(Caption-style text data)

= = = =

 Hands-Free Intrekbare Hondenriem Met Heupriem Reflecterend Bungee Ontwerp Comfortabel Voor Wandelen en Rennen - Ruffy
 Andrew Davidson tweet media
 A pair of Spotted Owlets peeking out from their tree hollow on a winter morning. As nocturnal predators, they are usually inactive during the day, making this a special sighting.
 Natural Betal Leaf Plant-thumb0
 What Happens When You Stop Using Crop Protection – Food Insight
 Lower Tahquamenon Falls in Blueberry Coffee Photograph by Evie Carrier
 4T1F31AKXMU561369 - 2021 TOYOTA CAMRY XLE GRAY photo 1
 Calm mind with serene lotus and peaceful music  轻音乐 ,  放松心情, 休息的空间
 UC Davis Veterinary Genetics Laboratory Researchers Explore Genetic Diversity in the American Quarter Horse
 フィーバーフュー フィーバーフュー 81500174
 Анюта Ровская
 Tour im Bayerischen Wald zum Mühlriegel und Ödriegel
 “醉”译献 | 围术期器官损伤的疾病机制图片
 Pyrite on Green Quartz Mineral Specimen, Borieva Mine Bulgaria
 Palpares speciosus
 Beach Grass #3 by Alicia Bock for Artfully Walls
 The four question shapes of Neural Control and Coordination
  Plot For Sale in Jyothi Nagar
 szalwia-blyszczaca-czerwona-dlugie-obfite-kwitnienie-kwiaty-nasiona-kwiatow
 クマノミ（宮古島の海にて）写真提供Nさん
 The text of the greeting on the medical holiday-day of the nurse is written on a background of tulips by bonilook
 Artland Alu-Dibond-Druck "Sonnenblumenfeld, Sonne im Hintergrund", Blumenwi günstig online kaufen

= = = =

In the reply, include exactly the lines from the beginning of the entries above through the line holding "Calm mind with", and nothing besides.

 Hands-Free Intrekbare Hondenriem Met Heupriem Reflecterend Bungee Ontwerp Comfortabel Voor Wandelen en Rennen - Ruffy
 Andrew Davidson tweet media
 A pair of Spotted Owlets peeking out from their tree hollow on a winter morning. As nocturnal predators, they are usually inactive during the day, making this a special sighting.
 Natural Betal Leaf Plant-thumb0
 What Happens When You Stop Using Crop Protection – Food Insight
 Lower Tahquamenon Falls in Blueberry Coffee Photograph by Evie Carrier
 4T1F31AKXMU561369 - 2021 TOYOTA CAMRY XLE GRAY photo 1
 Calm mind with serene lotus and peaceful music  轻音乐 ,  放松心情, 休息的空间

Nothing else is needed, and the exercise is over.